Objectives:
While stereotactic radiosurgery (SRS) is often an efficacious treatment for brain metastases (BM), it carries a significant risk of radiation necrosis. A major challenge to the management of patients with BMs after SRS is the lack of non-invasive diagnostic and surveillance methods to distinguish radionecrosis from recurrent disease without a surgical biopsy. We therefore aimed to design a deep ensemble learning model to distinguish radiation necrosis in BM patients showing post-SRS radiographic progression. The model integrates patient clinical features and genomic profiles to differentiate radionecrosis from true recurrence using standard post-SRS follow-up MR images, offering a non-invasive strategy to guide appropriate treatment selection.
Methods:
We assessed 90 BMs from 62 non-small cell lung cancer (NSCLC) patients, with 27 BMs manifesting biopsy-confirmed post-SRS local recurrence.
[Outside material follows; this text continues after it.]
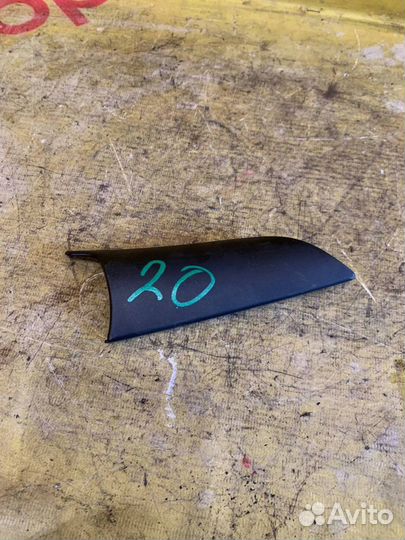 Уголок двери передний правый Audi A6 С6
For each patient, clinical features, including patient age, BM location, SRS prescription, and genomic features, including 7 NSCLC driver mutations, were collected. We first analyzed the 3-month post-SRS high-resolution T1+c volume: a 3D volume-of-interest (VOI) centered on each BM was determined based on the SRS V60% isodose volume. A bespoke deep neural network (DNN) resembling the U-net's encoding path was then trained for radionecrosis/recurrence prediction using the 3D VOI. Prior to the binary prediction output, latent variables in the DNN are extracted as 1024 deep features. The ensemble learning model features two sub-models with the same DNN architecture: in each sub-model, the extracted 1024 deep features were fused with clinical features (‘D+C’ sub-model) or with genomic features (‘D+G’ sub-model). To overcome the dimensionality mismatch problem that often arises when fusing data from various sources, we employed a vector-growing encoding scheme known as positional encoding (PE) for the optimized feature space sizes. Following this, the post-fusion feature in each sub-model yielded a logit result (i.e., radionecrosis/recurrence) after fully connected layers. The ensemble's final output was the synthesized result of these two sub-models’ logits via logistic regression. The model training was conducted with an 8:2 train/test split, and we developed 10 model versions for robustness evaluation. Performance metrics, including sensitivity, specificity, accuracy, and ROC, were evaluated in a comparison study against 1) the DNN result using image-only deep features; and 2) ‘D+C’ and ‘D+G’ sub-model results using post-fusion feature from two sources.
Results:
The deep ensemble model delivered commendable results on the test set: ROC AUC=0.88±0.04 sensitivity = 0.83±0.16, specificity = 0.85±0.08, and accuracy = 0.84±0.04. This surpassed the image-only DNN result (AUC: 0.71±0.05, sensitivity: 0.66±0.32), the 'D+C' result (i.e., deep feature-clinical feature fusion) (AUC: 0.82±0.03, sensitivity: 0.64±0.16), and the 'D+G' result (i.e., deep feature-genomic feature fusion) (AUC: 0.83±0.02, sensitivity: 0.76±0.22).
Conclusion(s):
This innovative radiogenomic deep ensemble model effectively differentiates BM radionecrosis from recurrence using 3-month post-SRS T1+c MR images. This breakthrough underscores the potential applications of artificial intelligence in clinical decision-making tools for BM management. The potential implications of this model in clinical settings warrants further investigation.